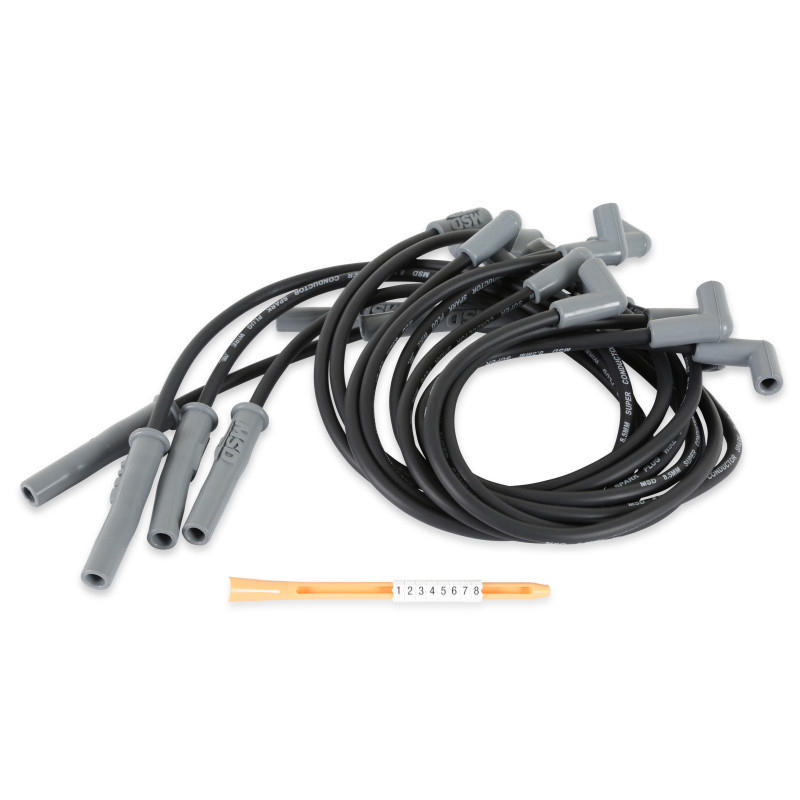 Wire Set,SC,Blk,Ford,302/351W,77-93,HEI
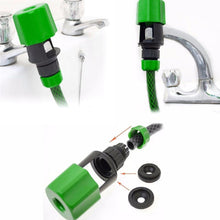 Load image into Gallery viewer, Universal Faucet to Garden Hose Connector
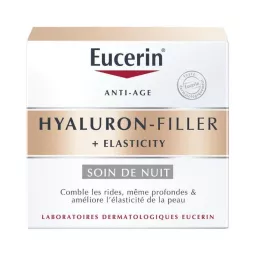 EUCERIN ANTI AGE HYALURON FILLER ELASTICITY NUIT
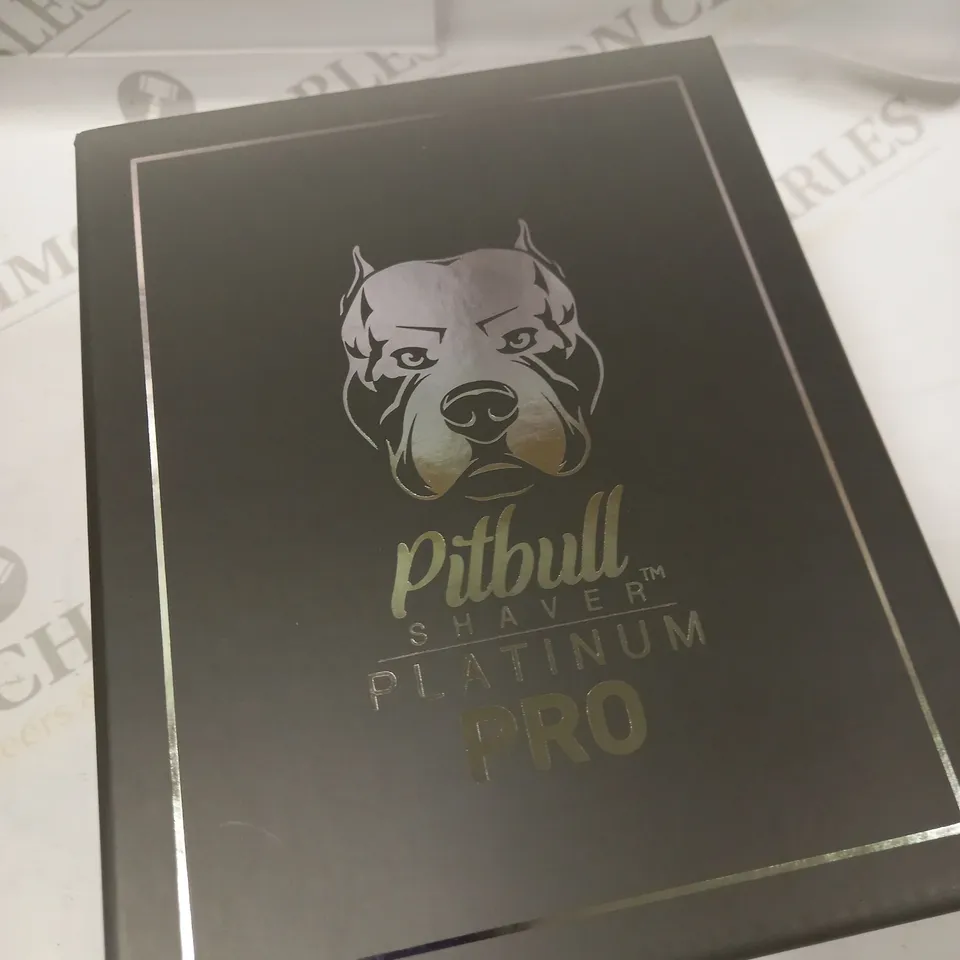 SKULL SHAVER PITBULL SHAVER PLATINUM PRO 
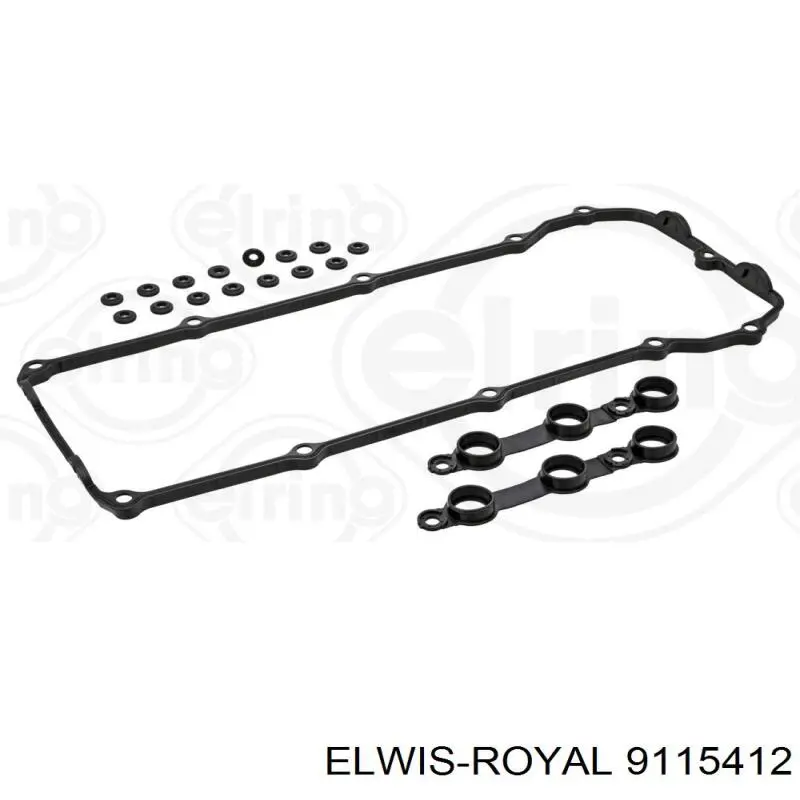 Прокладка клапанной крышки двигателя, комплект Elwis Royal 9115412 цена, от 28.38 USD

☆ ☆ ☆ ☆ ☆ ☆ ☆

■ Exercise goal: Copy the final portion of the records: every line from the one containing "EUCERIN ANTI AGE" through the last, word for word, without pictures.

■ Your solution:
 EUCERIN ANTI AGE HYALURON FILLER ELASTICITY NUIT
 SKULL SHAVER PITBULL SHAVER PLATINUM PRO 
 Прокладка клапанной крышки двигателя, комплект Elwis Royal 9115412 цена, от 28.38 USD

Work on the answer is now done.